So Google and Facebook are left untouchable. Microsoft, Apple, and maybe Amazon can get in range. Is there anyone else?

We can fight back by giving up the privacy war and blowing the doors open instead. Take your data (as much as you dare) and make it public. Let every startup have access to it. Let every doctor have access to it. Give the small players a fighting chance.

That does mean a massive cultural shift. It means your neighbors will be able to look up your salary, your fetishes, your personal affairs. It's a big deal.

I don't see any other way out of this though. Surveillance technology is getting better faster than privacy technology, because surveillance tech has the entire tech industry behind it. Smarter phones, smarter TVs, smarter grocery stores, smarter credit cards, smarter shoes... smarter everything. Privacy is melting away and we aren't getting it back.

deusuOP9y ago

The software is already open-source.

A free search API will be fully available probably next week. It's in testing already. It's just a matter of putting the finishing touches on the documentation.

And the crawl- and index-data will be available for download in a few weeks. It's also just a matter of documenting the data-format.

BTW: I disagree with your points about privacy. I see DeuSu as a way of fighting back.

siegecraft9y ago

How does the search / indexing compare to sphinx or lucene?

1 more reply

jahewson9y ago

If you're looking for an open source web crawl, commoncrawl.org has billions of pages.

greglindahl9y ago

... and Common Search made an index of the homepages, too.

mi100hael9y ago

Interesting perspective.
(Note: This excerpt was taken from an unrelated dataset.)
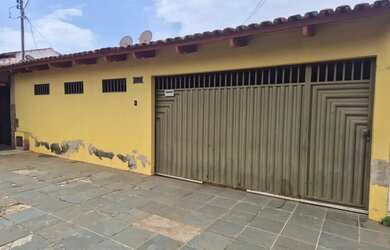 Imagem: A casa possui 3 Dormitórios, 2 Banheiros, 3 Vagas na garagem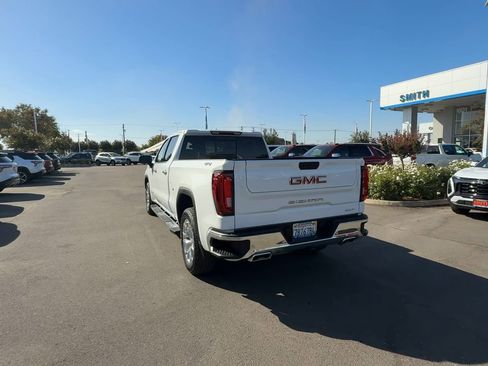Used 2022 GMC Sierra 1500 SLT w/ SLT Premium Plus Package image 5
What about the other extreme, though? This circumstance has only really existed in the past 20 years or so, maybe less. Why not just revert some of your behaviors?

- Delete your Facebook account. If you really need it to keep in touch with people across the country, at least delete the app from your phone and don't leave it open in a browser tab.

- Don't place asinine Amazon orders just because they ship free. Stop by a drug store or hardware store on your way home from work for odds & ends. You can even pay cash and kill the CC data bird with the same stone. Bonus points for instant gratification.

- Don't use GMail. Use an email provider like Protonmail or Tutanota that doesn't index all of your emails for advertising or other purposes.

- Don't sign in to Google (or Waze or whoever else's site) when navigating or searching so all of your actions online aren't automatically tied to a single account.

- Don't buy some internet-of-shit appliance that inevitably phones home with a bunch of telemetry data just so you can get a push notification when your laundry is dry.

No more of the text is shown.